Fig. 4 shows the C₃H₈ conversion and the H₂ selectivity as a function of temperature over the range of 800 to 1000 °C for Q_tot between 10 and 20 sccm and S/C between 1.095 and 1.94, obtained using Ru-coated SiC porous monoliths having pore diameters of 7.2, 2.2, and 0.75 µm. The H₂ selectivity is defined as the ratio between the actual amount of H₂ produced and the amount of H₂ that would have been produced in the absence of side reactions. Here, the lowest operating temperature was fixed at 800 °C to eliminate coking of the catalyst, while the maximum temperature was set at 1000 °C as limited by the use of Ru metal catalyst. Although the ceramic microreactor should be able to operate without structural failure at temperatures up to 1200 °C in air, the operating temperature needs to be kept below ∼0.5 times the melting point of metal catalyst (T_m for Ru is 2600 K) to minimize sintering of the Ru catalyst into the ceramic substrate.²³

Fig. 4 C₃H₈ conversion and H₂ selectivity as a function of temperature obtained for microreactors with Ru-coated SiC porous monoliths (volume = 0.55 mm³) for: (a) and (b) different total inlet flow rates (Q_tot) at a steam-to-carbon ratio (S/C) of 1.095 using 7.2 µm pores; (c) and (d) different S/C at Q_tot = 20 sccm using 7.2 µm pores; and (e) and (f) different pore sizes at Q_tot = 20 sccm and S/C = 1.095. The lines fitting the conversion data below 900 °C in (a), (c), and (e) are obtained from the power law model while the lines between 900 and 1000 °C are added to guide the eye. The dashed lines (— – —) at 100% conversion represent the equilibrium conversion for the steam reforming of propane as a function of temperature and S/C (different S/C used here give similar equilibrium conversion values). The lines connecting the H₂ selectivity data points in (b), (d), and (f) are added to guide the eye.

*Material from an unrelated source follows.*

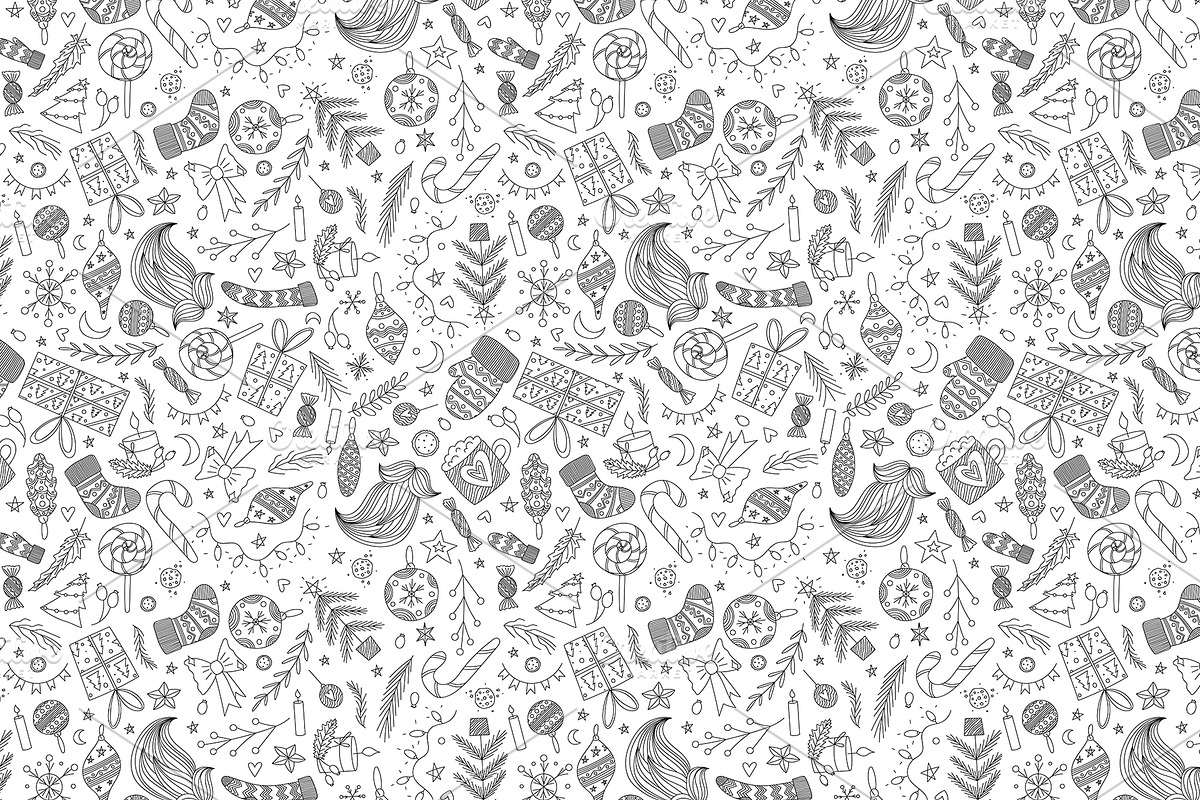 White Christmas Doodle Pattern, a Pattern Graphic by Chloe's Illustrations (Photo 1 of 4)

The lines in Fig. 4a, 4c, and 4e were obtained from a nonlinear regression of the C₃H₈ conversion data using a power law kinetic model (eqn (3)) with a plug flow reactor (PFR) design equation (eqn (4)), assuming constant temperature across the reactor. A maximum temperature drop of only 3.7 °C (endothermic reaction) was estimated using Fourier's law of conduction for a maximum Q_tot of 20 sccm and C₃H₈ flow rate of 3.5 sccm at 800 °C, justifying this assumption. The pressure along the reactor was estimated using the Ergun equation (eqn (5)). A detailed kinetic analysis can be found in the next sub-section.

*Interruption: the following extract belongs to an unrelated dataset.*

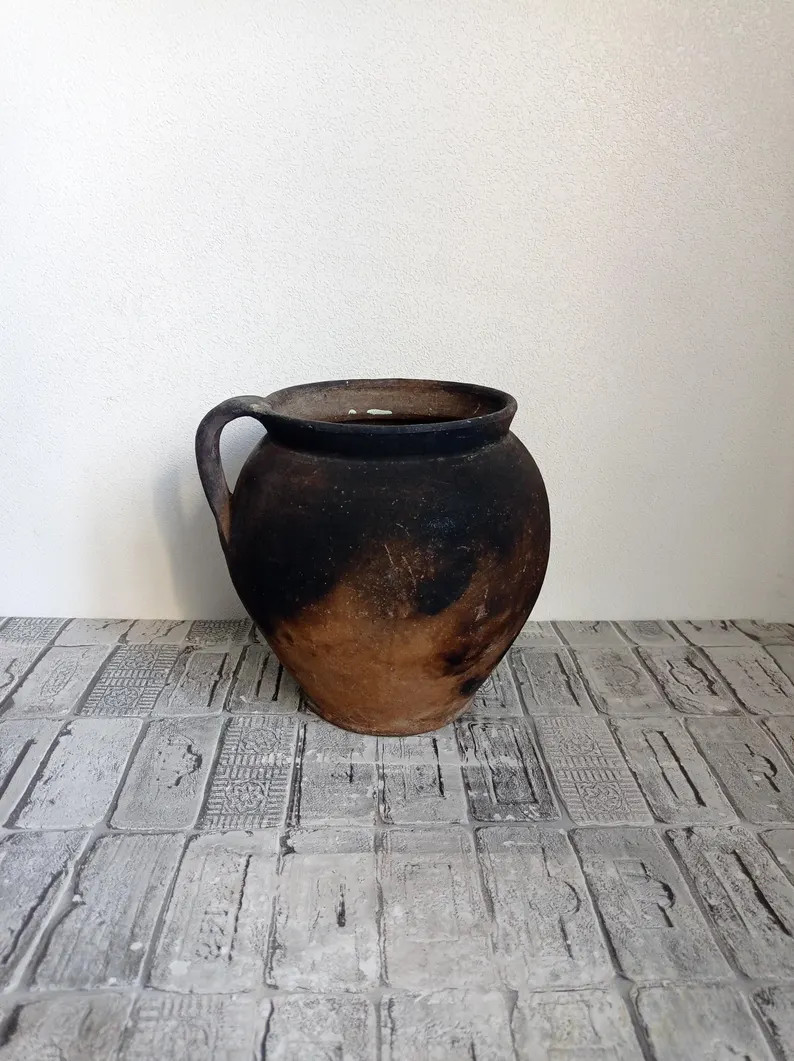 Vintage Black Clay Pot: Rustic Wabi Sabi Vase, Primitive Decor - Etsy | Etsy (US)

Fig. 4a and 4b show the C₃H₈ conversion and the H₂ selectivity, respectively, as a function of temperature for different Q_tot at a S/C of 1.095 obtained using the 7.2 µm SiC porous monoliths. As expected, the C₃H₈ conversion increased with increasing temperature and with longer residence time (lower Q_tot). The H₂ selectivity initially increased with increasing temperature, and then reached a constant value of about 74% for all Q_tot used. A lower H₂ selectivity is expected at lower temperatures since the formation of CH₄ is thermodynamically favored, while the increasing H₂ selectivity observed at 800 °C with increasing residence time may be due to the formation of H₂ and CO₂via the WGS reaction. At higher temperatures, the H₂ selectivity is independent of Q_tot since the equilibrium of the WGS reaction is shifted completely toward the formation of CO and H₂O. Here, for Q_tot between 10 and 20 sccm, complete conversion of C₃H₈ (i.e., >99.9%) was reached above 950 °C. High C₃H₈ conversion can still be obtained even with relatively low residence times, ranging from 1.65 to 3.3 ms, due to the high operating temperature.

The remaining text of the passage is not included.